--- DATA FOR THIS EXERCISE Enclosed Below ---

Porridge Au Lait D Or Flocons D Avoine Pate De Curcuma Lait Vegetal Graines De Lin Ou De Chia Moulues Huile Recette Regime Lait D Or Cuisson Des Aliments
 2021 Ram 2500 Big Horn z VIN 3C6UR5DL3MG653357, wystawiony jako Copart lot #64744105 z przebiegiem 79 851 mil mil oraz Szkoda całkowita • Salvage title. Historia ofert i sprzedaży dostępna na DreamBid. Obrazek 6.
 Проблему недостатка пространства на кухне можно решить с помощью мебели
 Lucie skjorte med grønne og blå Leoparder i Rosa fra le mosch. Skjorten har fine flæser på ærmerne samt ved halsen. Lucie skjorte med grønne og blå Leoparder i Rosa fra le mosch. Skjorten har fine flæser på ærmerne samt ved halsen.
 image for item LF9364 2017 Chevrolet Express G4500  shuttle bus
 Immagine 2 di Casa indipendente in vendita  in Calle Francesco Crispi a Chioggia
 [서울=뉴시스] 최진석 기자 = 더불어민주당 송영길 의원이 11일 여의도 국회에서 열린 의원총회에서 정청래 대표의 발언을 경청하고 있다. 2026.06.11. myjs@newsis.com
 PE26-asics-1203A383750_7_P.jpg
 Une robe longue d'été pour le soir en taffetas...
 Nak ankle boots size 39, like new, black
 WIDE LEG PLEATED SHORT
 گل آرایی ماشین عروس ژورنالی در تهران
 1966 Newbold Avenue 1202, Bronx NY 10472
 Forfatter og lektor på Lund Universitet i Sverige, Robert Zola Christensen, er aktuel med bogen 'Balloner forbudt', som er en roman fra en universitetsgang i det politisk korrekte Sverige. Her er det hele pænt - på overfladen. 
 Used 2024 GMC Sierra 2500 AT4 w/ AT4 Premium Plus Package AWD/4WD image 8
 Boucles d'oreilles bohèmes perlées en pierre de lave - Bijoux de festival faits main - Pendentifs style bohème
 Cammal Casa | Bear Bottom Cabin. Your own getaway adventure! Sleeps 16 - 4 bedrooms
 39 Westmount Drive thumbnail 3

--- End of Enclosed DATA FOR THIS EXERCISE ---

- ACTIVITY
An exact copy of the listing above is all the answer should hold.

- WRITTEN ANSWER
Porridge Au Lait D Or Flocons D Avoine Pate De Curcuma Lait Vegetal Graines De Lin Ou De Chia Moulues Huile Recette Regime Lait D Or Cuisson Des Aliments
 2021 Ram 2500 Big Horn z VIN 3C6UR5DL3MG653357, wystawiony jako Copart lot #64744105 z przebiegiem 79 851 mil mil oraz Szkoda całkowita • Salvage title. Historia ofert i sprzedaży dostępna na DreamBid. Obrazek 6.
 Проблему недостатка пространства на кухне можно решить с помощью мебели
 Lucie skjorte med grønne og blå Leoparder i Rosa fra le mosch. Skjorten har fine flæser på ærmerne samt ved halsen. Lucie skjorte med grønne og blå Leoparder i Rosa fra le mosch. Skjorten har fine flæser på ærmerne samt ved halsen.
 image for item LF9364 2017 Chevrolet Express G4500  shuttle bus
 Immagine 2 di Casa indipendente in vendita  in Calle Francesco Crispi a Chioggia
 [서울=뉴시스] 최진석 기자 = 더불어민주당 송영길 의원이 11일 여의도 국회에서 열린 의원총회에서 정청래 대표의 발언을 경청하고 있다. 2026.06.11. myjs@newsis.com
 PE26-asics-1203A383750_7_P.jpg
 Une robe longue d'été pour le soir en taffetas...
 Nak ankle boots size 39, like new, black
 WIDE LEG PLEATED SHORT
 گل آرایی ماشین عروس ژورنالی در تهران
 1966 Newbold Avenue 1202, Bronx NY 10472
 Forfatter og lektor på Lund Universitet i Sverige, Robert Zola Christensen, er aktuel med bogen 'Balloner forbudt', som er en roman fra en universitetsgang i det politisk korrekte Sverige. Her er det hele pænt - på overfladen. 
 Used 2024 GMC Sierra 2500 AT4 w/ AT4 Premium Plus Package AWD/4WD image 8
 Boucles d'oreilles bohèmes perlées en pierre de lave - Bijoux de festival faits main - Pendentifs style bohème
 Cammal Casa | Bear Bottom Cabin. Your own getaway adventure! Sleeps 16 - 4 bedrooms
 39 Westmount Drive thumbnail 3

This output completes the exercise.